The clinic nurse was so confused as to why someone would turn down government “aid.” Apparently, my “conservative” governor feels the same way. Why pay for things yourself when you can use government force to compel other people to pay for you? Why encourage thrift and hard work in your citizenry when you can make yourself feel compassionate by giving away other people’s money? Never mind if it encourages poor people to stay poor. Never mind if you or your succeeding governor must raise taxes on working people like me, “poor” and otherwise, to pay for healthy people who choose not to work (or work very much). I mean, 284,000 of the 350,000 uninsured peoplewhom this plan will scoop into the arms of already overburdened taxpayers are able-bodied, childless adults. Apparently it’s enough to dub yourself “conservative” and let others pay the tab for believing it.

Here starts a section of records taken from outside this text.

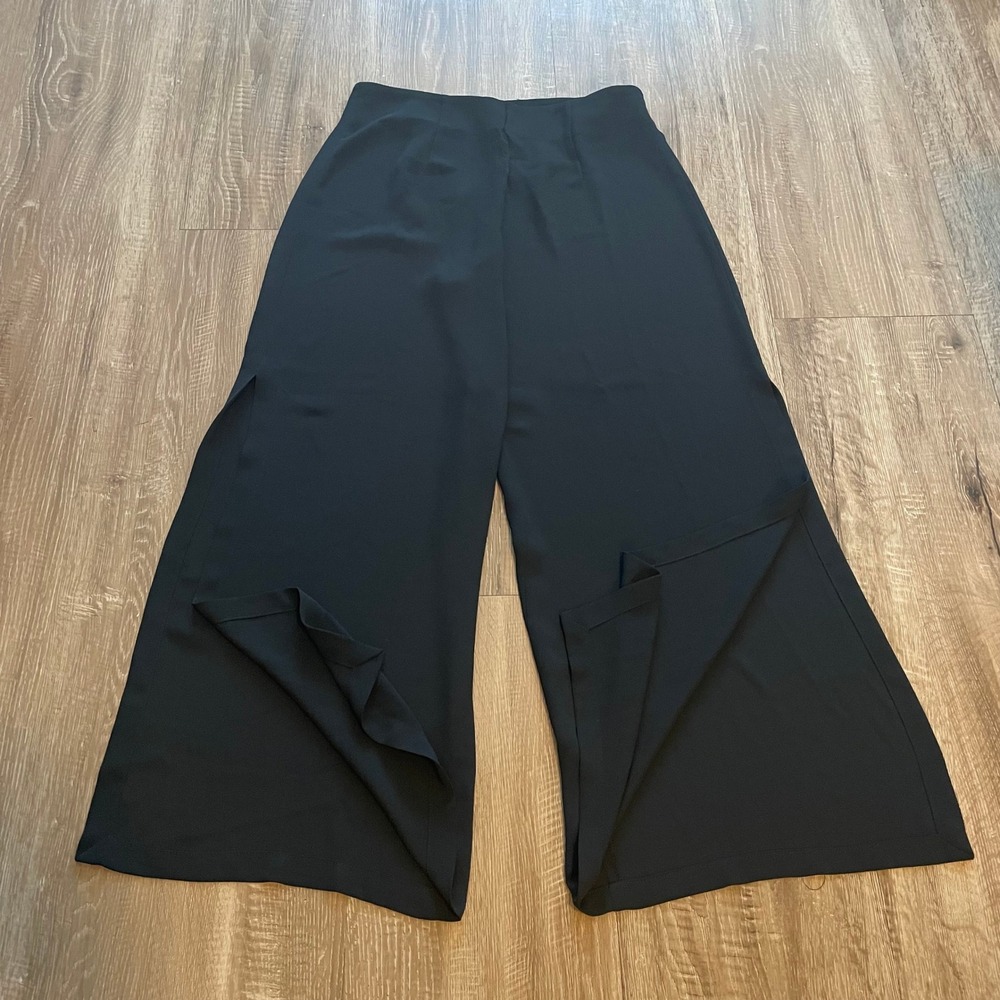 Marilyn Brooks Womens Wide Leg Pants Size 14 Black Polyester High Slit Slacks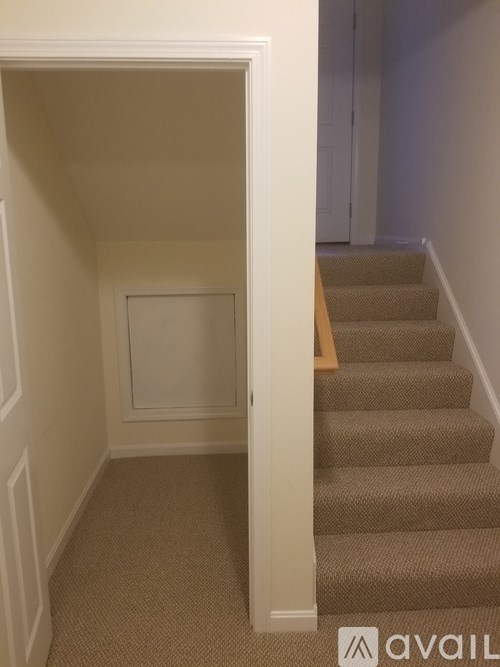 A staircase with a carpeted runner and a white door.
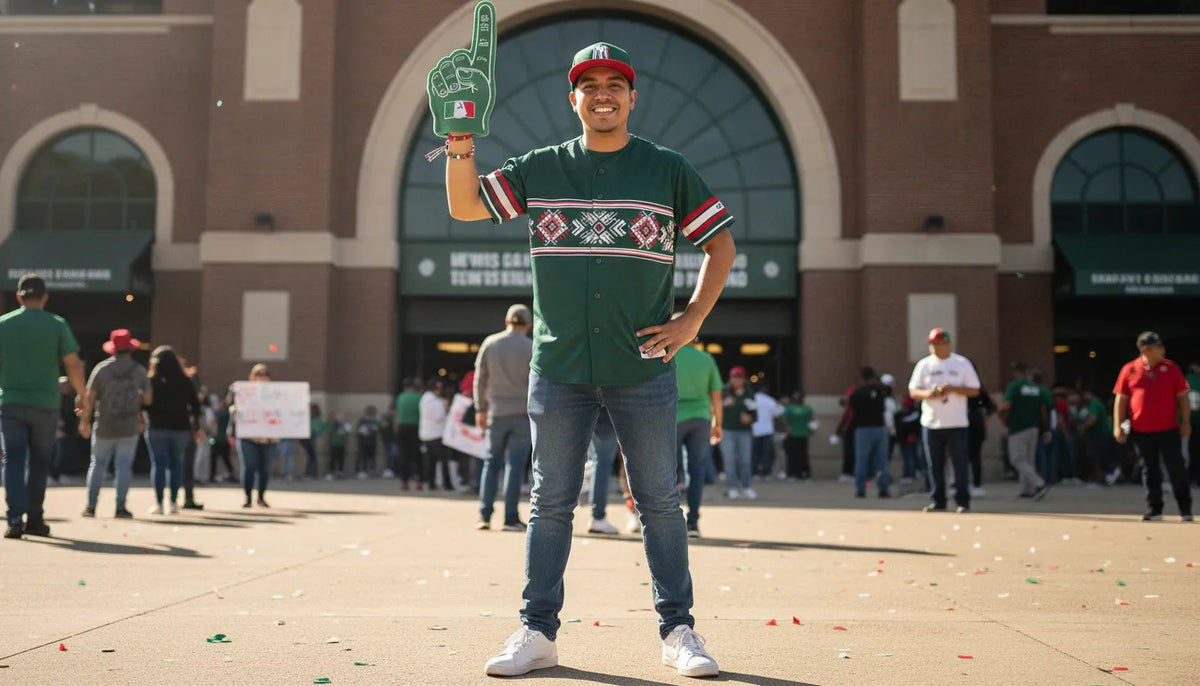 Fan styling a Mexico baseball jersey for game day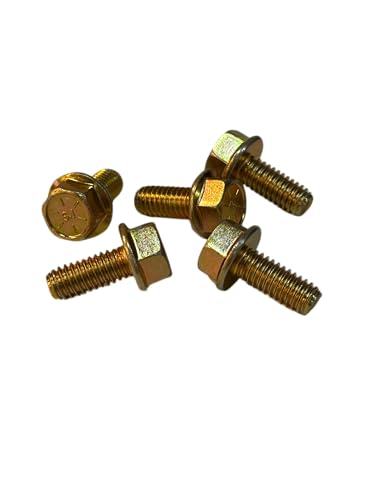 (100 Pieces) 5/16-18x3/4 Grade 8 Hex Flange Bolts Screws UNC Coarse Full Threads Zinc Yellow Trivalent
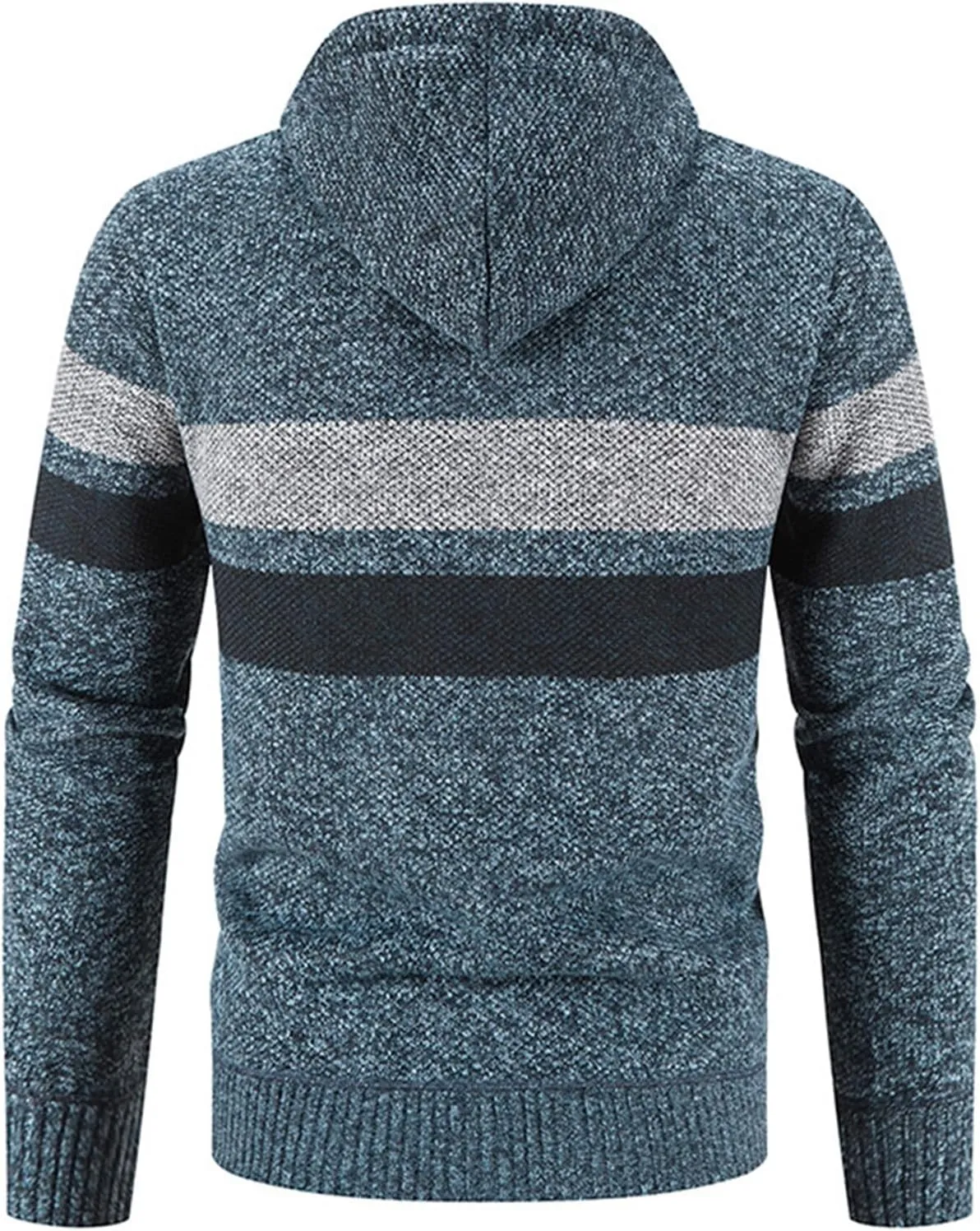 Mens Zip Up Hoodies Sweaters Sherpa Fleece Lined Cardigan Jackets Plus Thick Knitted Fleece Jackets with Full Zip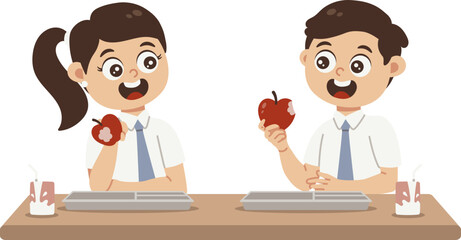 Fototapeta premium Anak sekolah makan apel bersama temannya ilustrasi
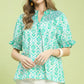 Mix Boho Puff Sleeve Smocked Top
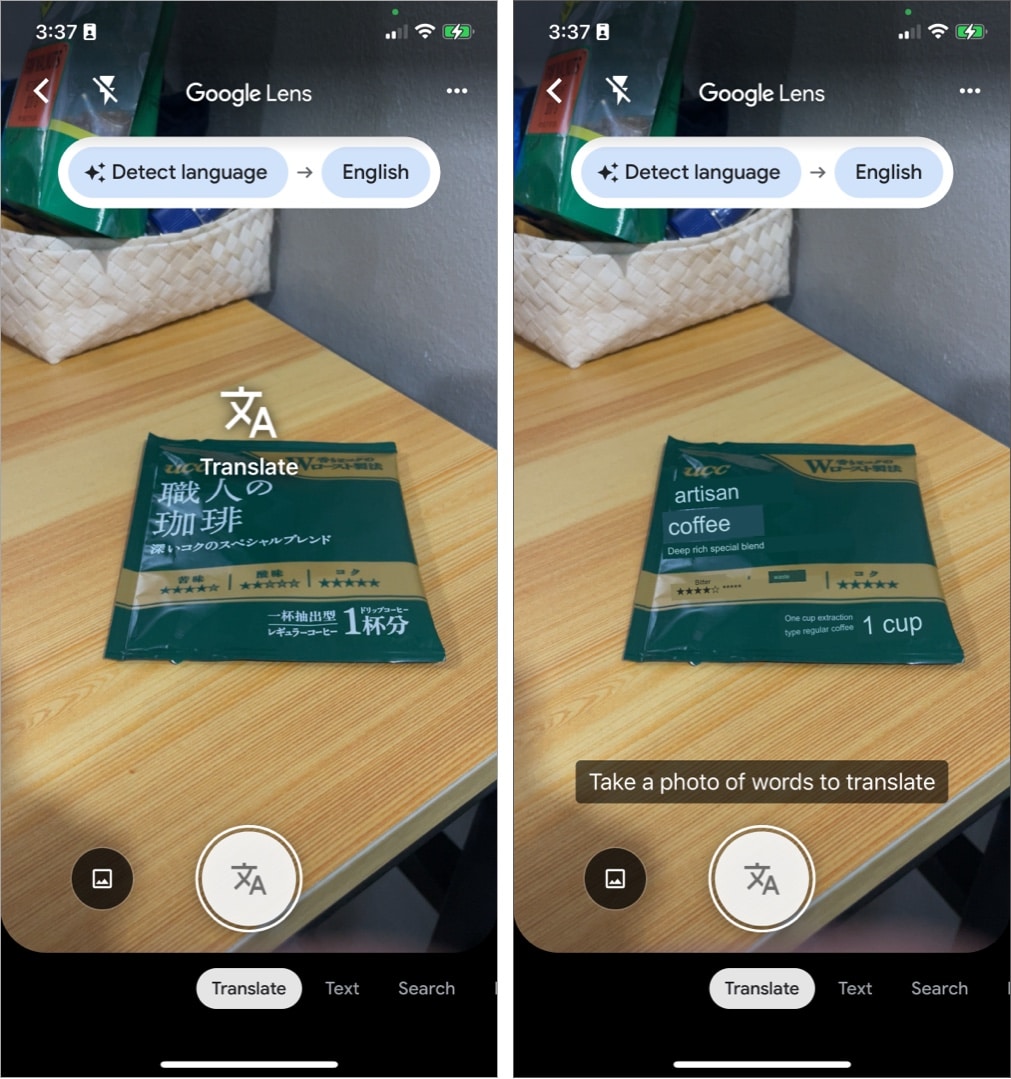 Použití překladu v Google Lens na iPhonu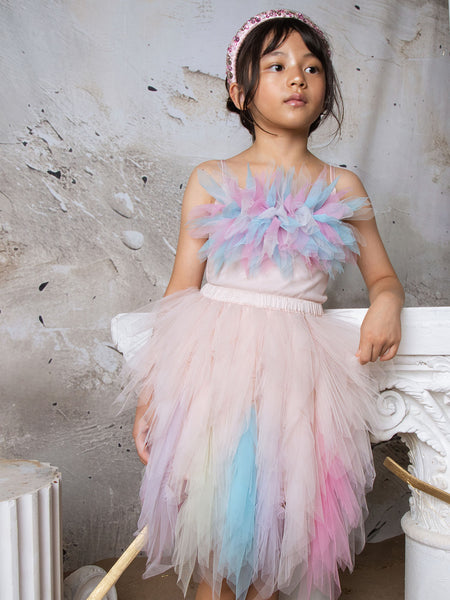 caution drunk birthday dress plus size Summer Princess Girls Kids Tulle Super Fairy Dresses Rainbow Flower Pa   Mom & Kids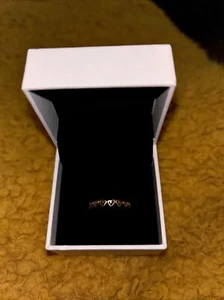 Genuine PANDORA Rose Gold Freehand Hearts Ring - Size 50 - Picture 1 of 4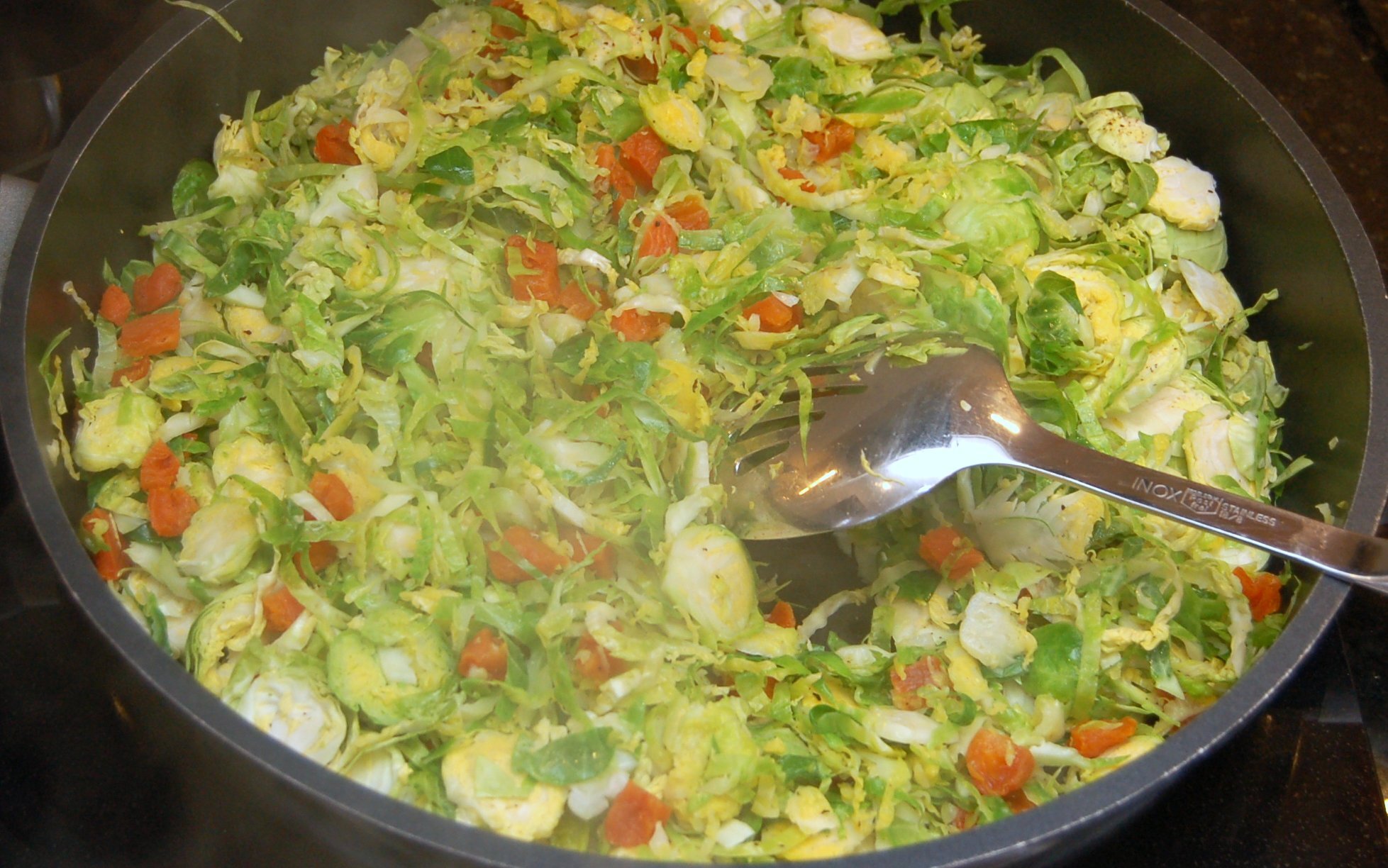Sliced, Sauteed Brussels Sprouts with Maple Syrup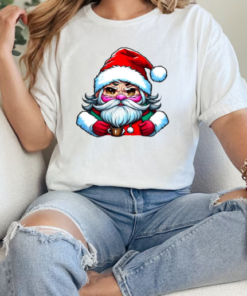 Cartoon Santa Claus holding a coffee cup T-Shirt Classic Women's T-shirt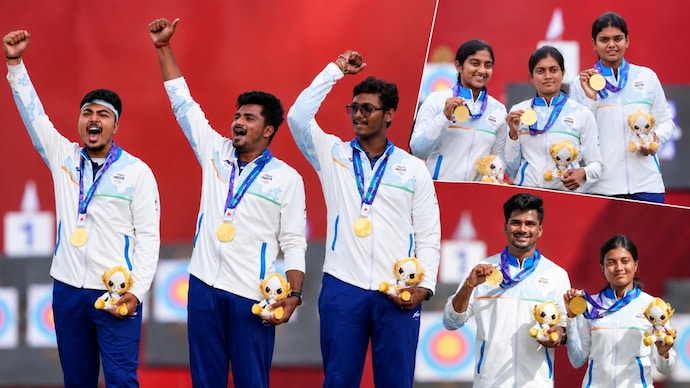 India men's, women's and mixed team compound archers won Gold in Asian Games 2026 (PTI/AP Photos) Archery,Asian Games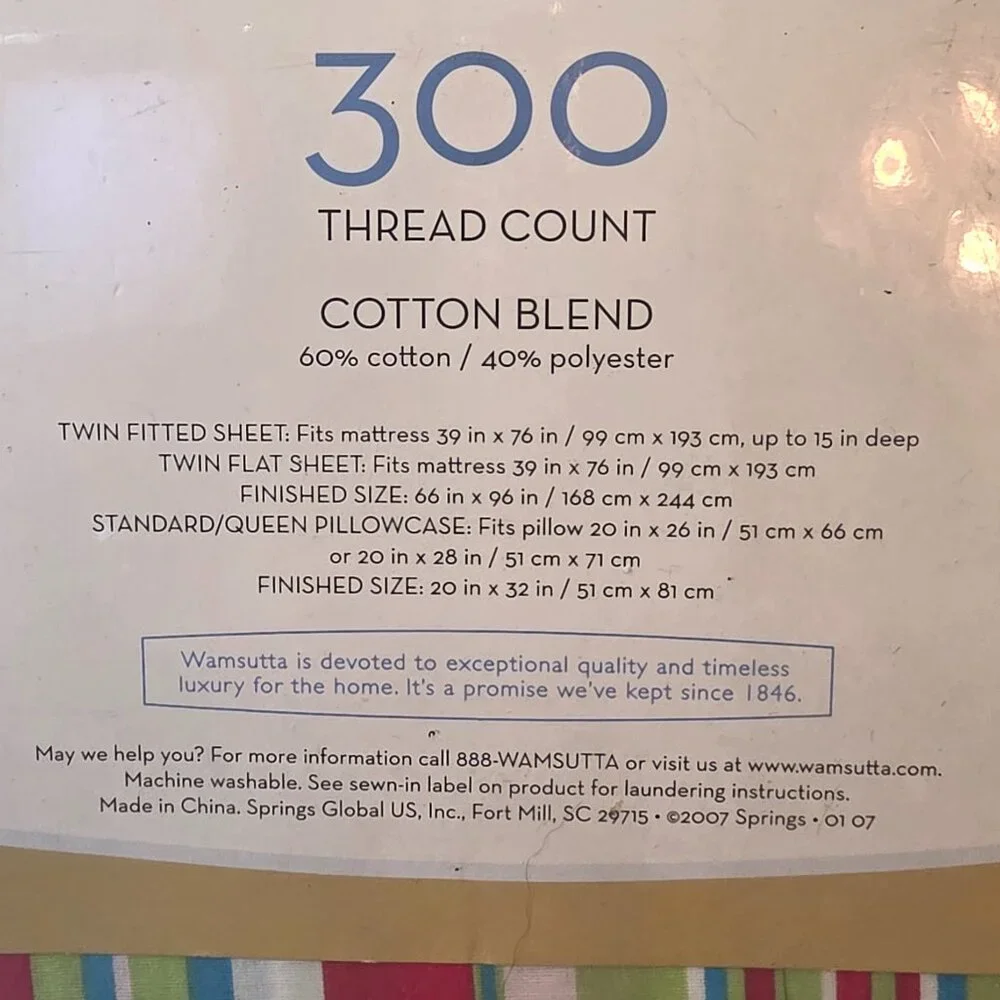 3 Piece 300 Count Twin Wamsutta Sheet Set 60/40 Striped Flat Fitted & Pillowcase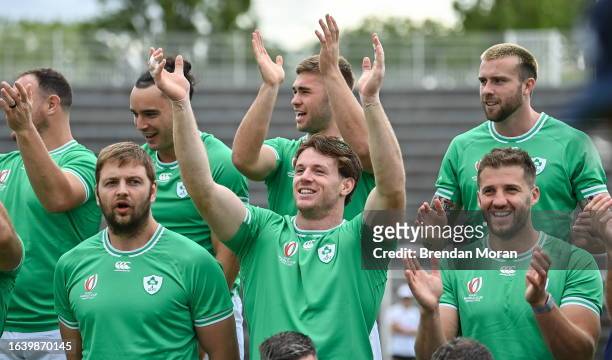 Tours , France - 2 September 2023; Iain Henderson, left, Ryan Baird and Stuart McCloskey during an Ireland rugby open training session at Stade...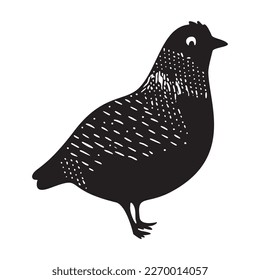 Cute Vogel Vektorsymbol. Niederbraunes Wildmotiv im Scnadi-Stil. 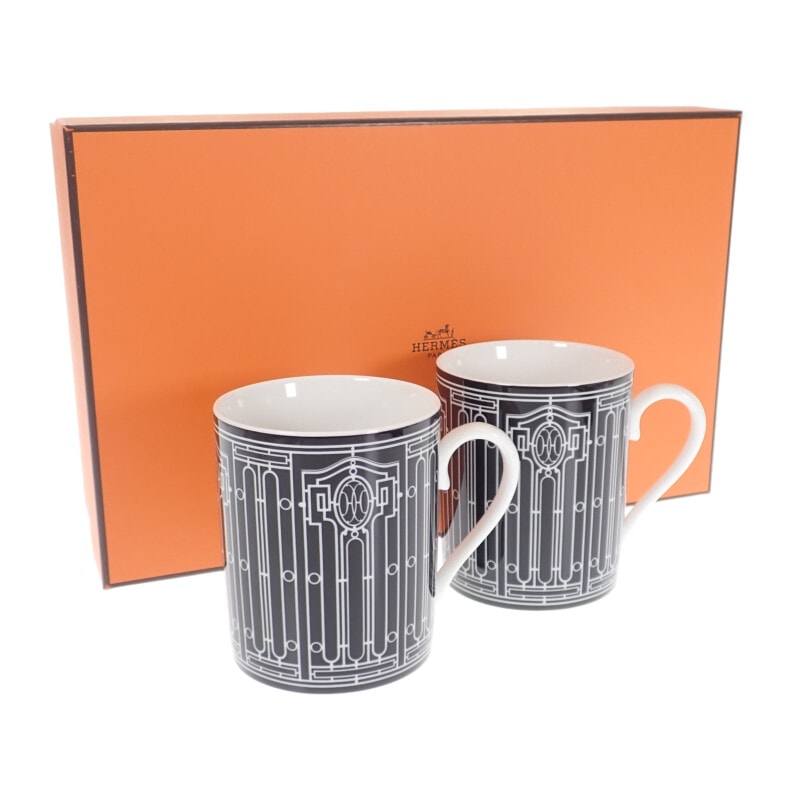 エルメス HERMES アッシュデコ ペアカップ 2客セット 食器 洋食器 マグカップ ポーセリン ブラック【中古】【Sランク】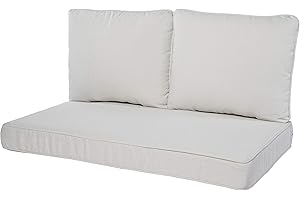 Quality Outdoor Living 29-LN46LV 29-LN02LV Loveseat Cushion, 46x26, Linen, 3 Piece Set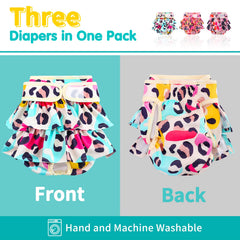 Mengelina leopard-pattern diaper features skirt design and easy Velcro closure.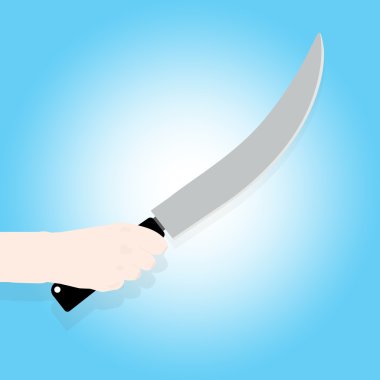 Adam elinde bir bıçak el. 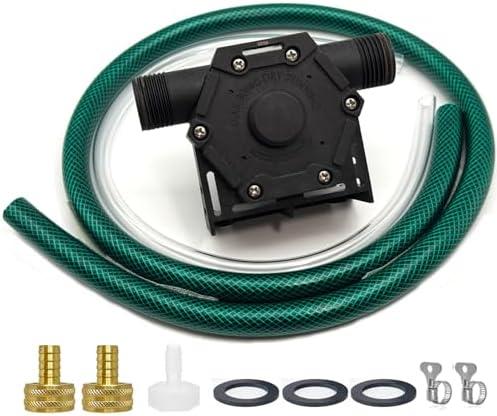 Drill Water Transfer Pump 750GPH, Mini Hand Drill Pump Self Priming for Aquariums Rain barrels Fish tanks, Easy to Use for Water, Oil Fluid Transferring Include Hoses and Adapter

And she quite effectively makes the moral case against redistribution generally:

We should certainly not tell able-bodied people they deserve their neighbors’ hard-earned income because they earn less than 60 percent of their neighbors do. All this does is breed hopelessness and resentment among the dwindling number of “poor people” who, like me, do their darndest to pay their own way and instead of enjoying the fruits of their labor have to see it taxed away for people who will not similarly put their shoulders behind the wheel.
This is like telling the Little Red Hen that she has to make her cake from seed but everyone else gets to eat it anyway. If I were her, I’d either hide my cake or forget about making it at all. 

Once again, Mike has some big-time explaining to do.